Resto del 04 y 05/06/2009
Pues resulta que el mecánico volvió y, después de unas tres horas, el motor quedó arreglado de nuevo.

Eso si, la factura fue algo elevadilla.

La maldita bomba de inyección tenía algunas piezas defectuosas que fueron cambiadas. Entre ellas el anillo y el empujador. Menudo cachondeo tuvieron Alberto, Jorge y maese Liman (que apareció por la tarde para vernos un rato) con aquello del “anillo” y del “empujador”. La verdad no se me ocurre a que se referían, porque hablaban también de no se que de agacharme (para saludar al mecánico, digo yo).
Sea como sea el asunto quedó arreglado.

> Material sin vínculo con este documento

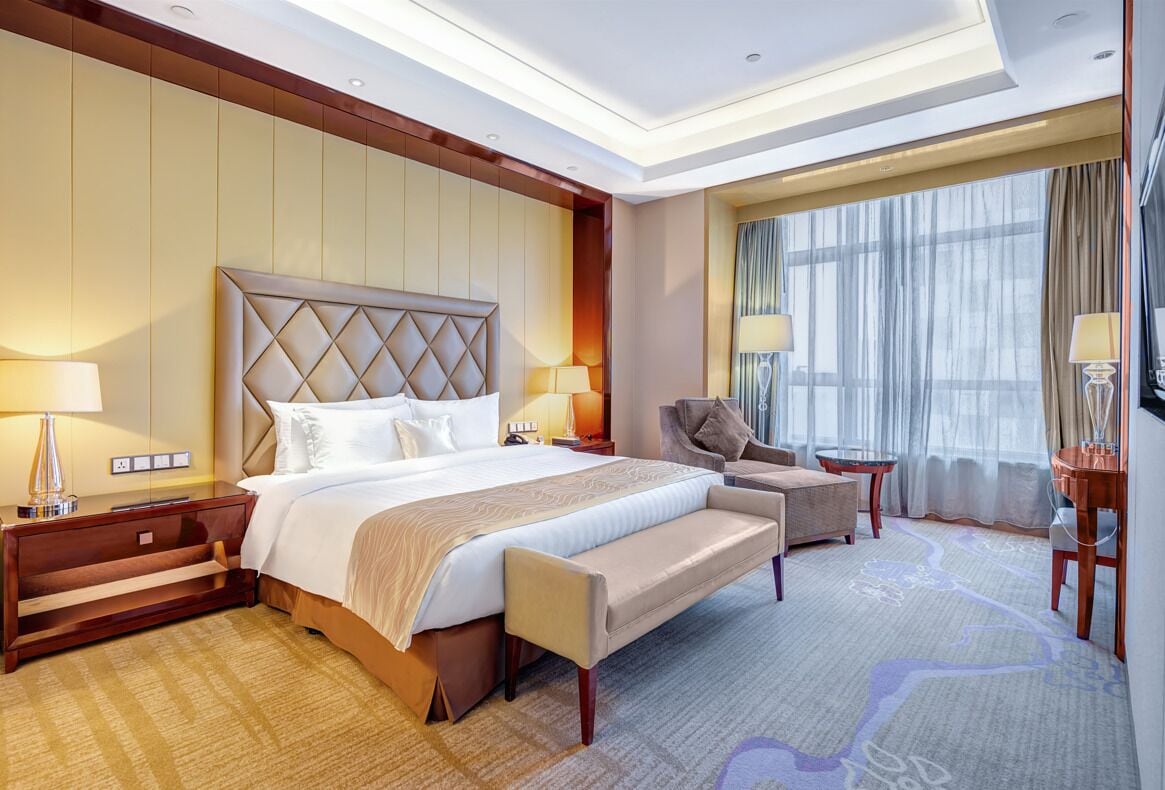 Suite Deluxe | Ropa de cama de alta calidad, minibar, caja fuerte y escritorio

Lástima que ahora nos quedaremos un par de días en Aguadulce porque se prevé un viento bastante fuerte del W y no es cosa de pasarlo mal.
Total, una cenita y a dormir que ya va haciendo falta.

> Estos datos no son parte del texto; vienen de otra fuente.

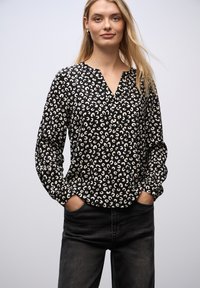 Sort bluse med V-hals, lange ærmer og løs pasform, prydet med et kremfarvet abstrakt leopardprint. Modellen har mørke jeans på.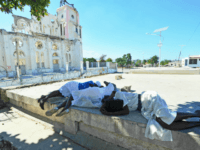 Women lay prostrate in prayer for victims of the January 12, 2010 Haiti earthquake near the destroyed Cathedral of Port-au-Prince on January 12, 2013. Three years after a massive earthquake ravaged Haiti, President Michel Martelly said the country was slowly rebuilding, despite the ongoing day-to-day misery of many survivors. An estimated 250,000 people were killed in the January 12, 2010 earthquake. Hundreds of thousands are still living rough in squalid makeshift camps, and they now face rampant crime, a cholera outbreak and the occasional hurricane.during memorial day in honor of the victims of the last quake of January 12 2013 in Haiti.People put photo of parent and friend victims of the quake.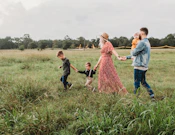 woman holding man and toddler hands during daytime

Al día siguiente la previsión estaba en lo cierto. Ya desde la mañana el viento hace de las suyas y va arreciando a lo largo del día hasta llegar a su máxima intensidad a eso de las 14:30. Pero el puerto de Aguadulce está muy protegido y el barco prácticamente no se mueve.
Y… ¿Qué hicimos?. Pues lo típico: compra, comida (paella), siesta monstruosa mientras veíamos una película ya conocida (Duelo en el Atlántico) ratos de chaleta… en fin, todas aquellas actividades que resultan tan estresantes para unos pobres jubilados como nosotros.

Lo único a destacar es que me metí en el agua para desenredar el lío ese que asomaba por popa y que resultó ser un cabo con adornos de otros en la punta, combinado con algunos plásticos. Salió a la primera y, aprovechando, me di un buen bañito en el puerto que tiene el agua bastante limpia y transparente. El baño fue magnífico.